How to Enforce Type Consistency in Variadic Functions Without Additional Structures?

Enforcing Type Consistency in Variadic Functions Without Additional Structures

Variadic functions and variadic template functions allow us to pass a variable number of arguments to a function. However, ensuring that all arguments have the same type can be challenging. This question explores a solution for this problem without using arrays, vectors, or structs.

Variadic Function Approach

The proposed solution is to accept arguments by the variadic template and let type checking verify validity when they are converted. However, this approach requires us to have a known conversion path to the desired type.
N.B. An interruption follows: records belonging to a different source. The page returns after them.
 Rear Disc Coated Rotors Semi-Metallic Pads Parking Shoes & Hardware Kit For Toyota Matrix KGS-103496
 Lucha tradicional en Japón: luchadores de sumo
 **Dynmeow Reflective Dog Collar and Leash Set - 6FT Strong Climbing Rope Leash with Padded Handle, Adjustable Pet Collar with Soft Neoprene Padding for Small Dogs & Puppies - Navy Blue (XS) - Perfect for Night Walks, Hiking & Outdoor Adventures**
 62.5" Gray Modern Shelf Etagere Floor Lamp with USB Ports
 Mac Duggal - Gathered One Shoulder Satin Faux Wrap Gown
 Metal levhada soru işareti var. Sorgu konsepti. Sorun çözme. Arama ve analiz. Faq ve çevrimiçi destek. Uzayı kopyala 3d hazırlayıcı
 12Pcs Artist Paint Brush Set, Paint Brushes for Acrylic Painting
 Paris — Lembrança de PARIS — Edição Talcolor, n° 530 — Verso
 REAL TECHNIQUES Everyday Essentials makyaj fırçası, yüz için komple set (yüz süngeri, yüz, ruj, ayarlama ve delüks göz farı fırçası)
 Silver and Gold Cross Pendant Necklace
In this case, there must be a known way to convert an array of Maiden to dragon_list_t.

Example:

template<typename ...Items>
dragon_list_t make_dragon_list(Items... maidens) {
    std::array<Maiden, sizeof...(Items)> arr = {{ maidens ... }};
    // here be dragons
}

SFINAE Approach

SFINAE (Substitution Failure Is Not An Error) can be used to enforce type consistency at the function interface level. This allows us to reject invalid arguments early in the overload resolution process.

Example:

template<typename R, typename...> struct fst { typedef R type; };

template<typename ...Args>
typename fst<void, 
  typename enable_if<
    is_convertible<Args, ToType>::value
  >::type...
>::type 
f(Args...);

Conclusion

Both approaches provide a way to specify one type for all arguments passed to variadic functions without using additional data structures. The variadic function approach relies on known conversion paths, while the SFINAE approach allows for overload resolution to reject invalid arguments. The choice between these approaches depends on the requirements of the specific use case.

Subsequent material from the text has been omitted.